Lenten Meditation: The Holy Shroud of Our Lord

Authors Introduction: This is the third of a series of meditations based on the Lenten Votive Masses of the Passion of Jesus that have been prayed throughout the history of the Church in various usages. Some have their origin in early medieval times and were used in various places in Europe and in particular religious orders. Some can be found in the 1955 and 1962 editions of the Missale Romanum. Some parallel prayers can be found in the current English edition of the Roman Missal as well as the Missal of the Holy Land. These meditations are given to offer us an old yet new way to enter into the Passion of Jesus and the salvation He offers us that is rooted in scripture, tradition, and history of the Church. May praying with and reflecting on them help you to grow in Divine Intimacy with Our Lord Jesus and His saving graces this Lenten season and whenever you enter into prayer.

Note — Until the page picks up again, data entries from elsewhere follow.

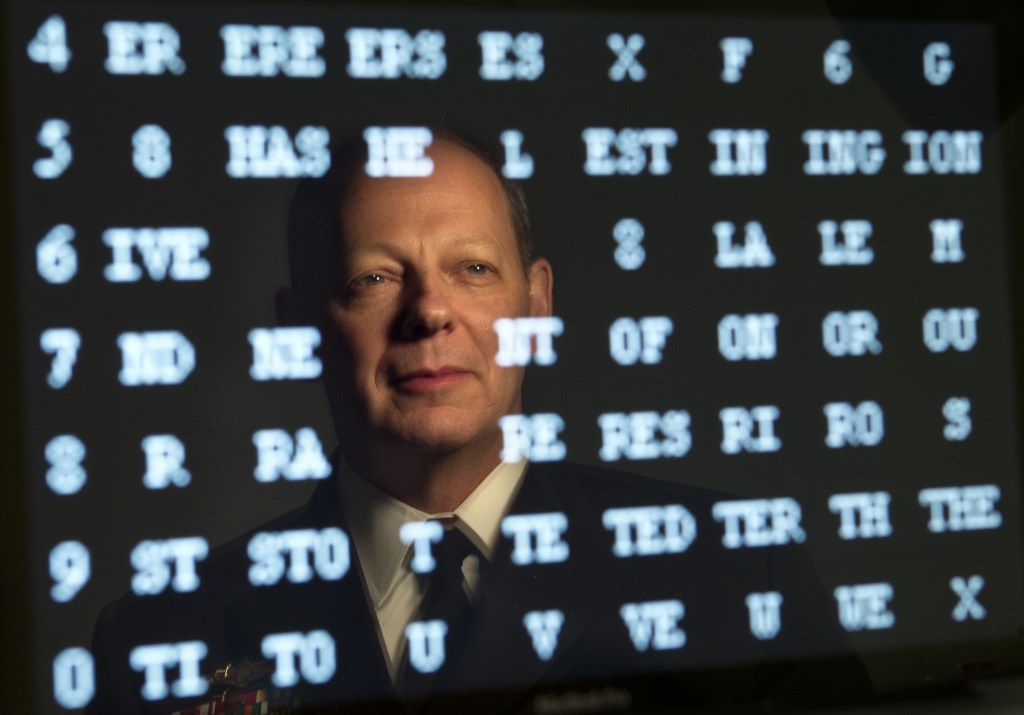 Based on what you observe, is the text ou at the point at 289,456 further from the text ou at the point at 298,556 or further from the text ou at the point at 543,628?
the text ou at the point at 543,628

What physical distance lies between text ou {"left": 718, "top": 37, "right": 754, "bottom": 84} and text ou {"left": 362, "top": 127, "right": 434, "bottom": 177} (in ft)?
0.75

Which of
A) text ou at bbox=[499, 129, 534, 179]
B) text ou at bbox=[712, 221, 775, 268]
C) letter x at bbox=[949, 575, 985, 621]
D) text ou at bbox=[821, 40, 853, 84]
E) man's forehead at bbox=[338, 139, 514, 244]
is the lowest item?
letter x at bbox=[949, 575, 985, 621]

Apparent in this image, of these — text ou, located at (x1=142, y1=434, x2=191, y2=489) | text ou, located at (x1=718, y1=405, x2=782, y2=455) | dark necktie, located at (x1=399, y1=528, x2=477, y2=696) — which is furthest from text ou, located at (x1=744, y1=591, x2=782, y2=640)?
text ou, located at (x1=142, y1=434, x2=191, y2=489)

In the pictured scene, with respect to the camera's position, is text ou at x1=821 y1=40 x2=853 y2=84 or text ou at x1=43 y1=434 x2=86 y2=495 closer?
text ou at x1=43 y1=434 x2=86 y2=495

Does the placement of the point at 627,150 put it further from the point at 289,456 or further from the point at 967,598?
the point at 967,598

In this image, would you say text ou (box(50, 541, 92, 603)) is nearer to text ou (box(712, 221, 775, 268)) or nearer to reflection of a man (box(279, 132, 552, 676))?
reflection of a man (box(279, 132, 552, 676))

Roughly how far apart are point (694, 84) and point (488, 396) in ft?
0.91

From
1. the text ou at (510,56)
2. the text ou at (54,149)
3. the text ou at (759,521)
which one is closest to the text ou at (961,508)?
the text ou at (759,521)

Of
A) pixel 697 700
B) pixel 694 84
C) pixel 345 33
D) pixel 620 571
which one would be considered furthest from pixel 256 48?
pixel 697 700

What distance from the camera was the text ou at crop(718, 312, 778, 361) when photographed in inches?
30.1

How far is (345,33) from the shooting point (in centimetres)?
72

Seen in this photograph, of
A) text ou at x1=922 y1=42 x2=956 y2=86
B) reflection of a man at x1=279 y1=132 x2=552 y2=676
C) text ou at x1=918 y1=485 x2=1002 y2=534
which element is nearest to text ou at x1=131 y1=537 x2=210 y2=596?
reflection of a man at x1=279 y1=132 x2=552 y2=676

This was given as a meditation during a Lenten Forty Hours Devotion on Saturday, March 12, 2022, at Saint Mary’s Church, Washingtonville, New York.

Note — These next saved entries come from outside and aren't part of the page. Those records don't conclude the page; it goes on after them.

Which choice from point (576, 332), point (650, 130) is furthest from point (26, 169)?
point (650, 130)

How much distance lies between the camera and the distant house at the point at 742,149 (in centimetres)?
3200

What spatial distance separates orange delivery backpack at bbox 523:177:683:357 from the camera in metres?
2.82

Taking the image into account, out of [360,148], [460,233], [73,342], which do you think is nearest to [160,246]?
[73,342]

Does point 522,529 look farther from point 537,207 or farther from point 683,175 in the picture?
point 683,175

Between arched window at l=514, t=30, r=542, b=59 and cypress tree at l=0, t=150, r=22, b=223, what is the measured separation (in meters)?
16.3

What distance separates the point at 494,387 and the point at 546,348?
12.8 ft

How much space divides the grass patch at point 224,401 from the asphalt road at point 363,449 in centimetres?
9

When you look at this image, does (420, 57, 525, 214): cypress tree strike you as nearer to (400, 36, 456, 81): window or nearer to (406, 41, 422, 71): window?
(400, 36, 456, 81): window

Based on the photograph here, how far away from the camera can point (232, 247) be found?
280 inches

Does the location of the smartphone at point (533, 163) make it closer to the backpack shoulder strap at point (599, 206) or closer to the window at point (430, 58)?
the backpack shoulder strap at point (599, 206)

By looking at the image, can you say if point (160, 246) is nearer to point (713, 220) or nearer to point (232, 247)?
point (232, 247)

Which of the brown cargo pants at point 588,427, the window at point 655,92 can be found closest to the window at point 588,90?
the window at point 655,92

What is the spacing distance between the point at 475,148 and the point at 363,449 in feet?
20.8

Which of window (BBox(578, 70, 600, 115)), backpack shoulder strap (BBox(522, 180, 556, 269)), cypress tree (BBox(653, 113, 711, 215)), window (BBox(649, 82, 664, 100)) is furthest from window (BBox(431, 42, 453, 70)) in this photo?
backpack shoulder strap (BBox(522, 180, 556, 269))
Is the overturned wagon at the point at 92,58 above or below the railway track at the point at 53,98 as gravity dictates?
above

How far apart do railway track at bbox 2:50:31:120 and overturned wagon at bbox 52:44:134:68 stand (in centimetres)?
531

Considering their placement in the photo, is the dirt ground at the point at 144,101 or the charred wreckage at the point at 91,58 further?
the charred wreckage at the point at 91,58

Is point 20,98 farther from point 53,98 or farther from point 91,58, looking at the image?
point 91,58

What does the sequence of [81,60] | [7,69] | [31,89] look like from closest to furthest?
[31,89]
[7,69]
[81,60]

The scripture readings and text of the prayers of this mass can be found here. 

Opening Collect: O God, Who has left us the traces of Thy passion with the holy Shroud wherein Thy most Sacred body, taken down from the cross, was wrapped by Joseph, mercifully grant that by Thy death and burial we may be brought to the glory of thy resurrection.

When one goes up to the Chapel of Golgotha in the Church of the Holy Sepulchre in Jerusalem, one sees a very interesting Greek Orthodox altar to the far left of the altar that marks the spot where Our Lord Jesus was crucified. At this altar, one can see a Greek icon of the Nativity at its top. It depicts the Blessed Virgin Mary, Saint Joseph, and the angels in humble adoration of the baby Jesus, wrapped in swaddling clothes, resting in the manger with the light of the star of Bethlehem glistening down upon his face and body. 

Beneath this icon, at the very center of this altar, we see another icon depicting Our Lord Jesus crucified, dead, and his broken body taken down from the cross. He is held in the Blessed Virgin Mary’s arms for the last time, wrapped in his burial shroud by Joseph of Arimathea, Saint John the Beloved, and the other remaining disciples. Mary holds her son, and Saint John kisses his Rabbi, Lord, and Master’s crucified hand as they prepare to place his body in the tomb (Gospel of the Mass – Mark 15:42-56). Jesus, in His humanity, comes into the world in the joyous, peaceful, hidden light of a star. He who is the one true God, Light of the World, Messiah, Son of God, and Son of Man enters this world as a humble small baby boy humble and lovingly obedient to the Father’s will.  Now in the darkness of his passion, he leaves this world just as he entered it, humble, obedient to the Father’s will to the end. In both moments, he is looked upon with love by his Mother. Our Lady keeps the mysteries of salvation unfolding around her both in joy and in sorrow with the utmost reverence, pondering them in her heart even as she is pierced with a sword of agony. At this action, the prophecy that Isaiah once said of the Suffering Servant is now fulfilled: “Who is he that comes from Edom, in crimsoned garments, from Bozrah? Who is this, glorious in his apparel, striding in the greatness of his strength? “It is I, I who announce vindication, mighty to save.” Why is your apparel red, and your garments like one who treads the winepress? The wine press I have trodden alone, and from the peoples no one was with me. I trod them in my anger, and trampled them down in my wrath; Their blood spurted on my garments, all my apparel I stained. For a day of vindication was in my heart; my year for redeeming had come. (Lesson of the Mass – Isaiah 63:1-4)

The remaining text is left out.